To determine the limiting reagent when equal volumes of nitrogen (N₂) and hydrogen (H₂) react to form ammonia (NH₃), we can follow these steps: ### Step 1: Write the balanced chemical equation The balanced equation for the formation of ammonia from nitrogen and hydrogen is: \[ N_2 + 3H_2 \rightarrow 2NH_3 \] ### Step 2: Understand the stoichiometry From the balanced equation, we can see that: - 1 mole of nitrogen (N₂) reacts with 3 moles of hydrogen (H₂) to produce 2 moles of ammonia (NH₃). ### Step 3: Determine the relationship between moles of reactants Since we are given equal volumes of N₂ and H₂, we can apply Avogadro's law, which states that equal volumes of gases at the same temperature and pressure contain an equal number of molecules. Therefore, if we take: - Volume of N₂ = Volume of H₂ = V This implies: - Moles of N₂ = Moles of H₂ Let’s denote the moles of N₂ as \( x \) and the moles of H₂ as \( x \). ### Step 4: Calculate the required moles of H₂ for the given moles of N₂ From the stoichiometry of the reaction: - For every 1 mole of N₂, 3 moles of H₂ are required.
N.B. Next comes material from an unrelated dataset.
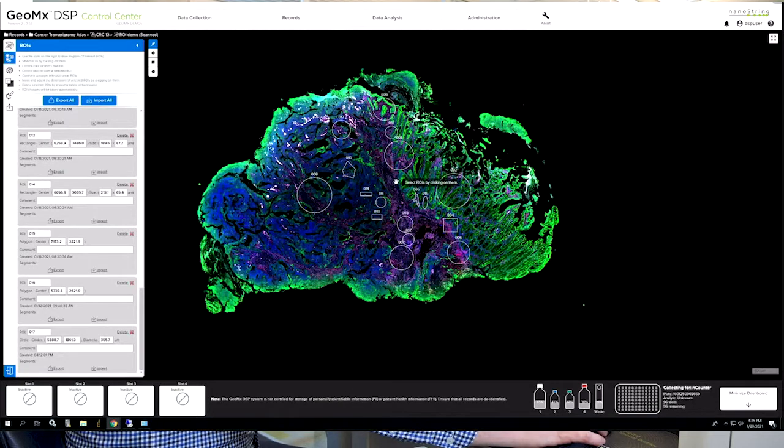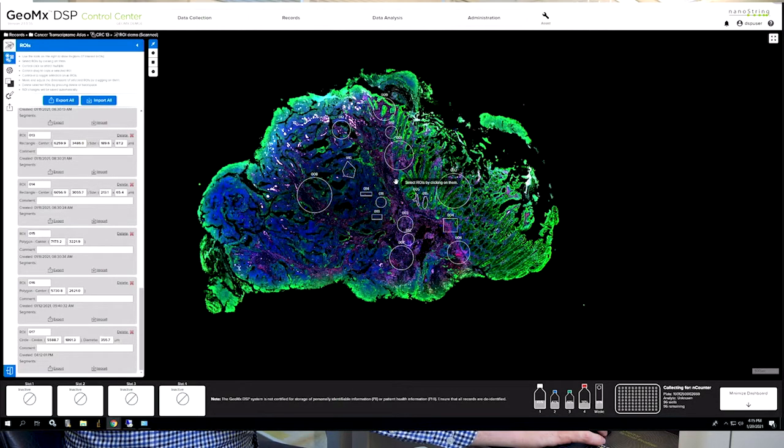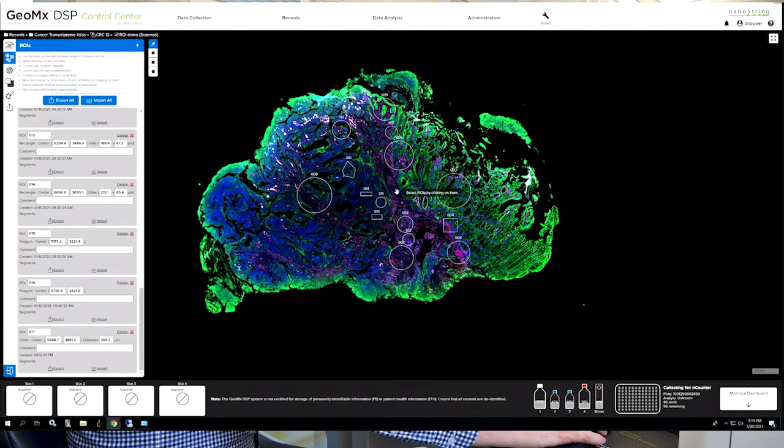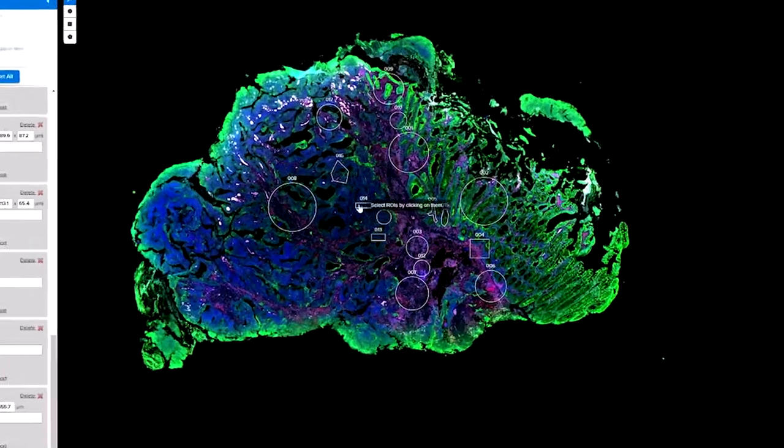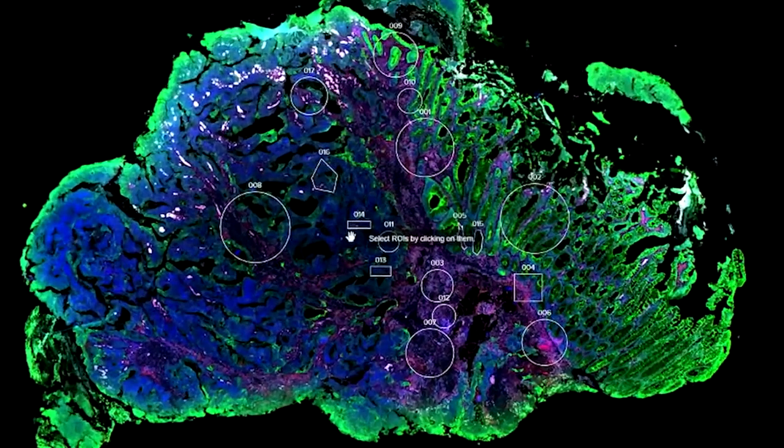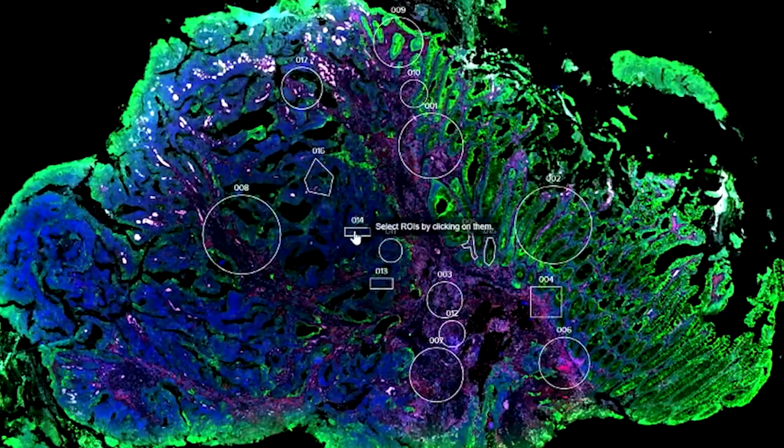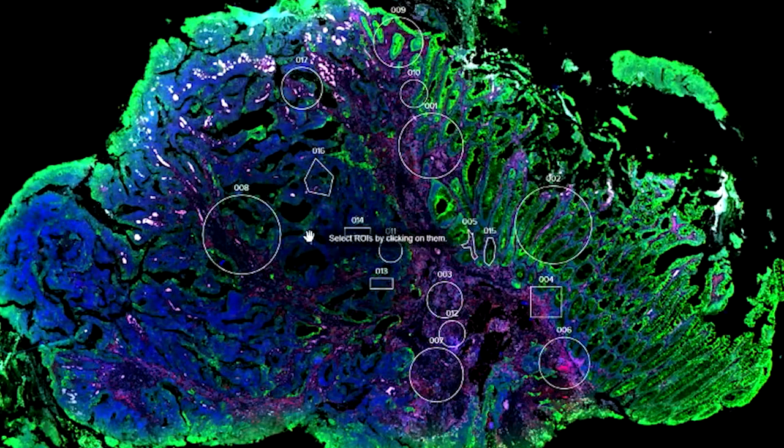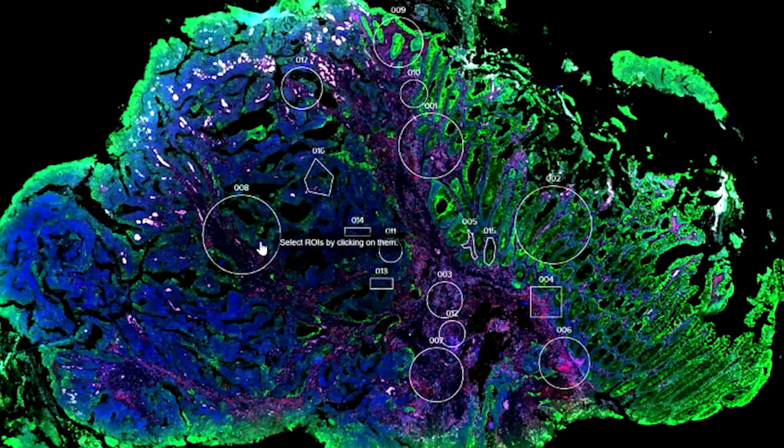As the user, you can choose these ROIs from anywhere on your laptop. Geometric profiling allows us to choose circles, squares, or even polygons.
Thus, for \( x \) moles of N₂, the moles of H₂ required will be: \[ 3 \times x \] ### Step 5: Compare available moles of H₂ with required moles Since we have only \( x \) moles of H₂ available, we can compare: - Required moles of H₂ = \( 3x \) - Available moles of H₂ = \( x \) ### Step 6: Identify the limiting reagent Since the available moles of H₂ (which is \( x \)) are less than the required moles of H₂ (which is \( 3x \)), hydrogen (H₂) will be the limiting reagent. ### Conclusion The limiting reagent in this reaction is: \[ \text{H}_2 \]